KUALA LUMPUR (Reuters) - Funds deposited into Malaysian Prime Minister Najib Razak’s bank accounts were from a donation, not from debt-laden state fund 1Malaysia Development Berhad (1MDB), the anti-corruption commission said on Monday.
Acknowledging that 2.6 billion ringgit (£433.1 million) in funds were transferred into Najib’s private accounts, the commission said results of the investigations found that it was a “donor’s contribution”.
It did not elaborate on the donor or why the money was transferred to Najib’s private accounts.
The Wall Street Journal reported in July that investigators looking into allegations of graft and financial mismanagement in 1MDB found that nearly $700 million was deposited into Najib’s private bank accounts. Reuters has not verified the report.
Najib has denied taking any money for personal gain, saying the corruption allegations are part of a malicious campaign to force him from office. 1MDB has denied transferring funds to Najib and an interim government report has found nothing suspicious.
The allegations of extensive graft at the fund are nevertheless the biggest threat to Najib’s credibility since he took office in 2009 and could threaten the grip his United Malays National Organisation has kept on politics since independence in 1957.
State-owned 1MDB has debts of over $11 billion (£7.05 billion) and Najib is the chairman of its advisory board.
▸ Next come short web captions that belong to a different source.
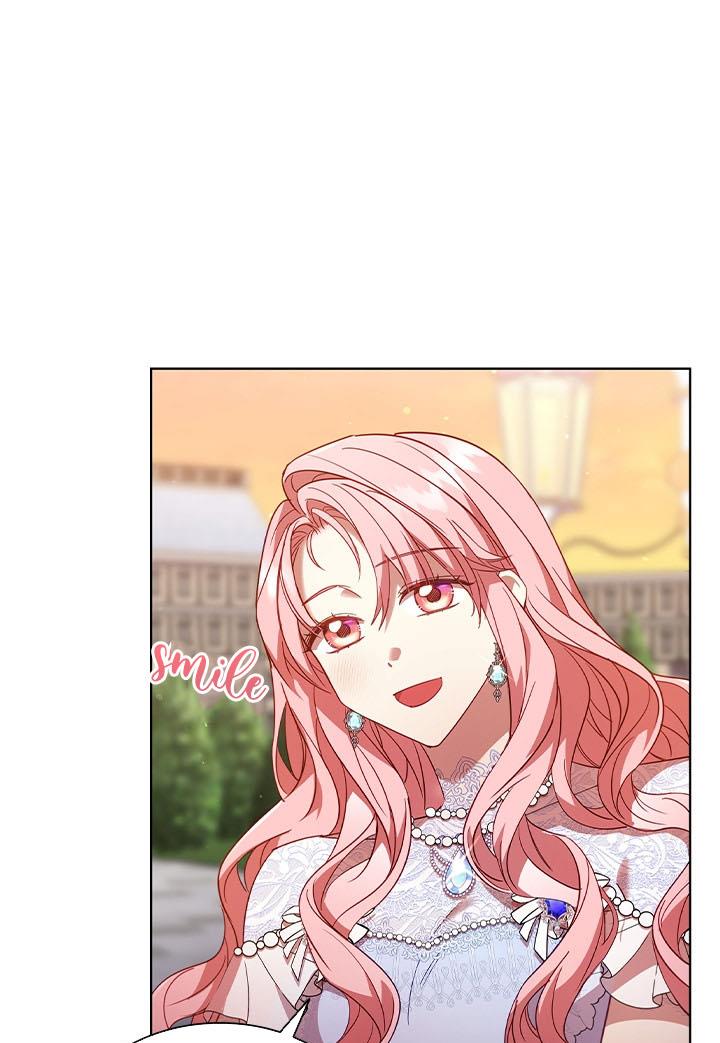 I’m Divorced, But I’m a Chaebol Chapter 15 page 56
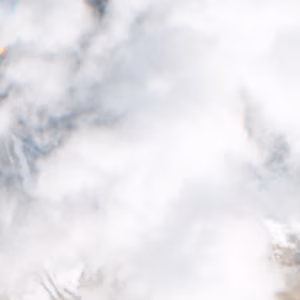 Bielmonte - 2020-01-20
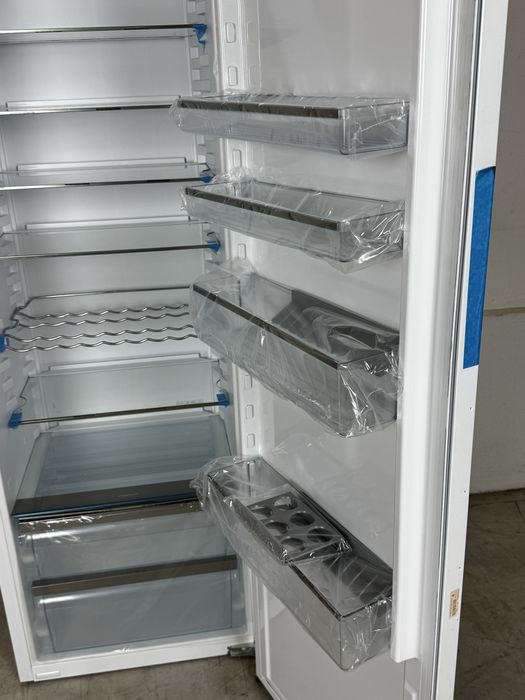 Преміум холодильник Miele K7715 E NoFrost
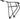Ortlieb Quick-Rack XL Rear Rack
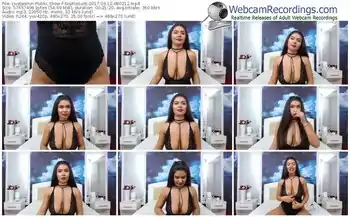 livejasmin-sophielust-webcam-show-09_12_2017-08_02_12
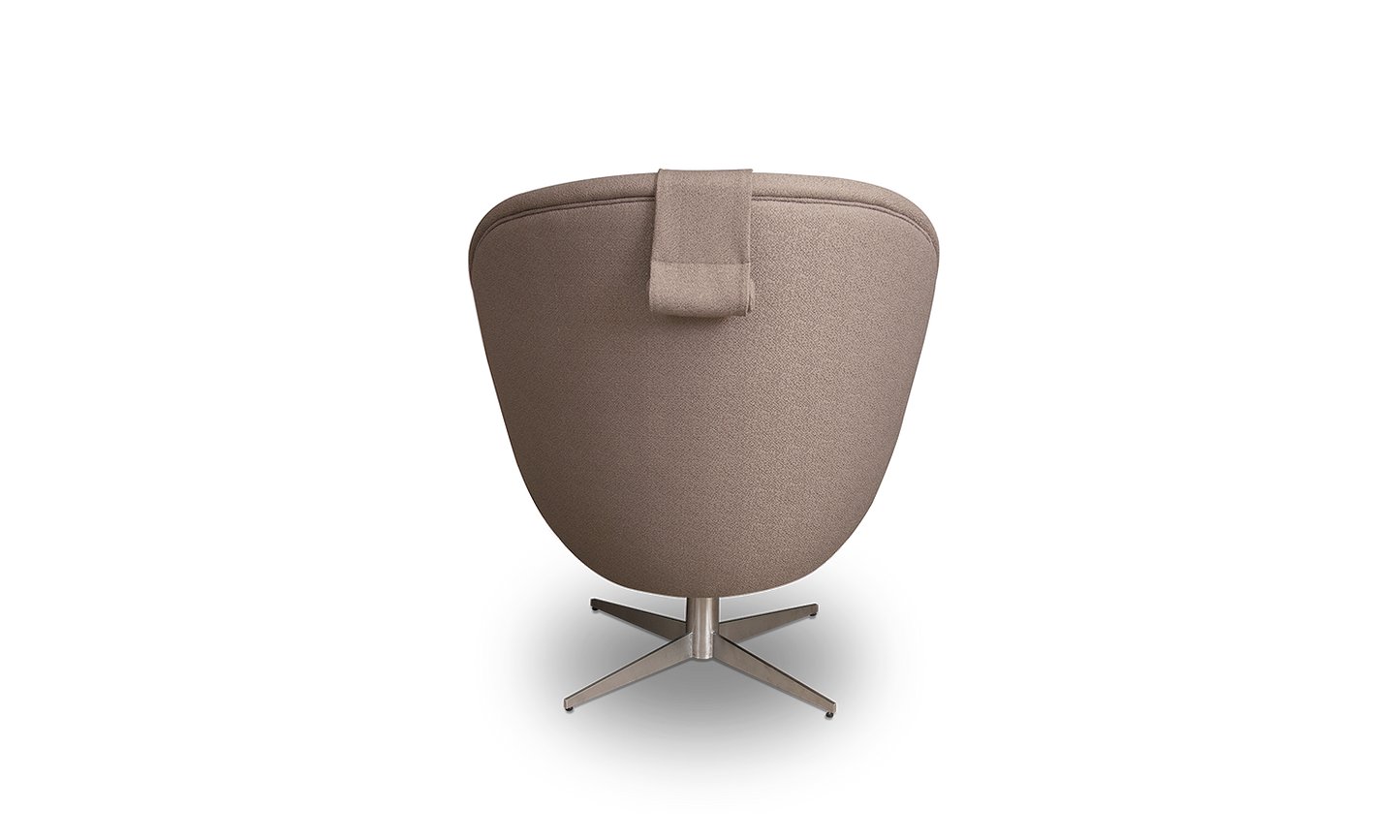 AGATHON ARMCHAIR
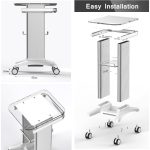 Side table BM 8056 - Image 6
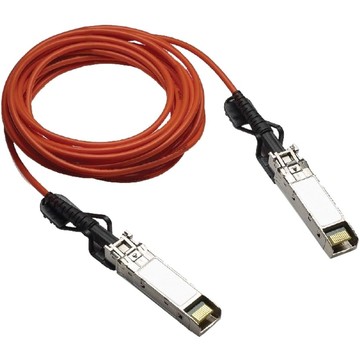 HPE Aruba R0M45A Cables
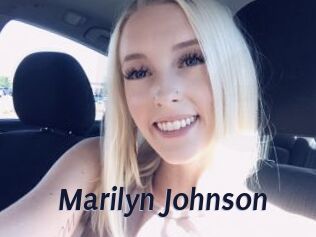 Marilyn_Johnson
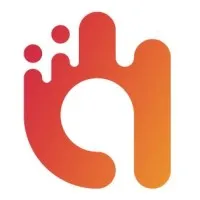 Almis Informática Financiera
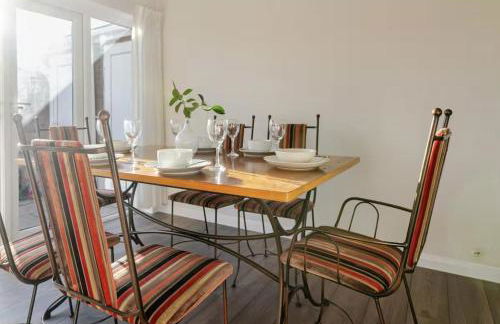 Happy Day 温馨小居-Walk to Warwick Uni & Cannon Park in Coventry that offers free parking - Foto 5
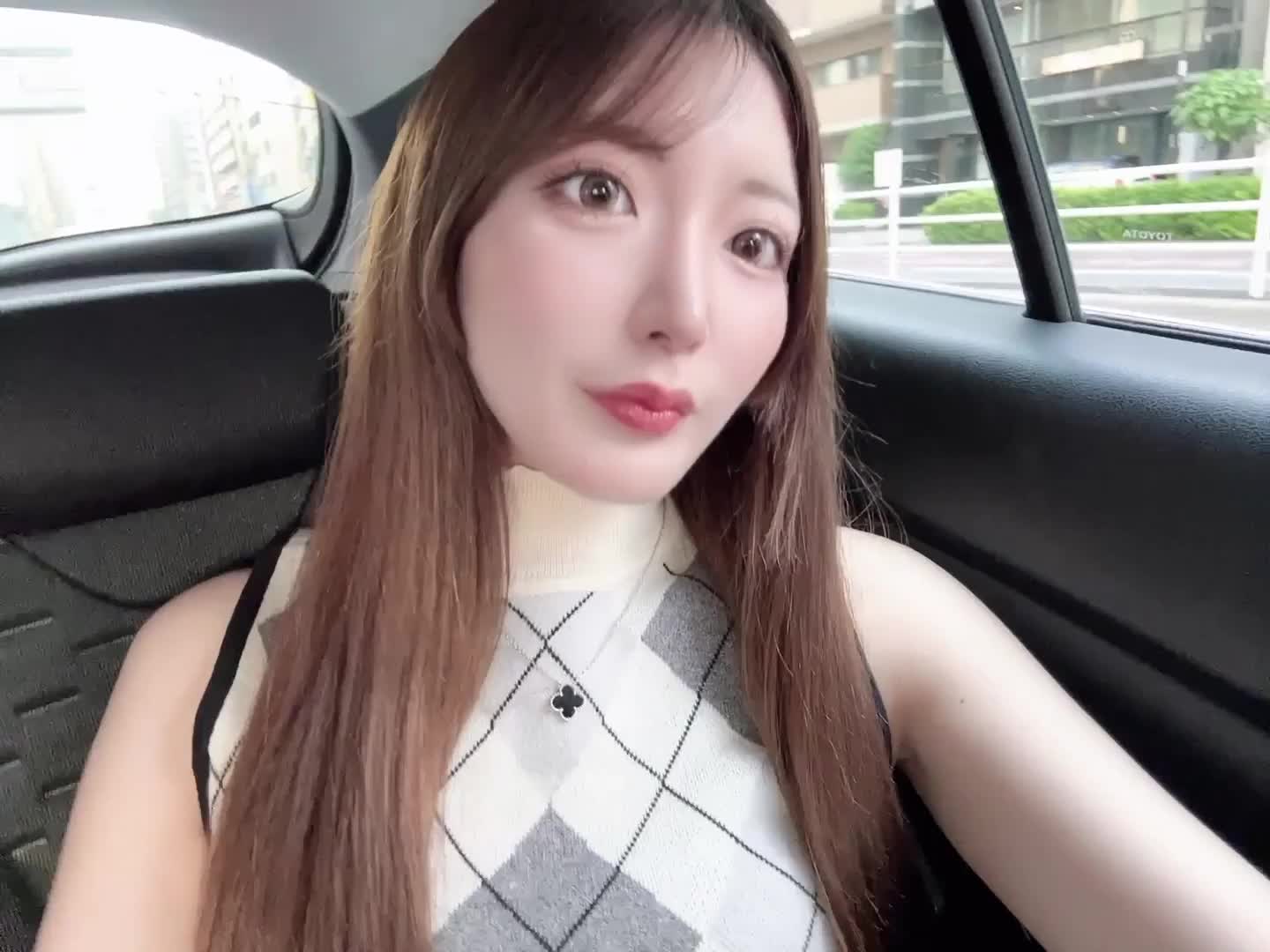 向かってます🚗³₃｜写メ日記｜ゆあら【モデル級美人女子大生】｜池袋 一般デリヘル STELLA TOKYO−ステラトウキョウ−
Najib sacked his deputy last week after he called on Najib publicly to explain the situation around 1MDB.
The Malaysian Anti-Corruption Commission’s (MACC) statement comes amid an investigation by police on information leaks by government officials involving the 1MDB probe. Two officers of the MACC and an official from the attorney-general’s office were arrested over the weekend.
The task force set up to probe 1MDB had earlier said that it expects to complete investigations by year-end. The group comprises the MACC, attorney-general’s office, central bank and the police.
A parliamentary investigation into the scandal has been put on hold as the man overseeing the probe was appointed deputy home minister and had to resign from his Public Accounts Committee post.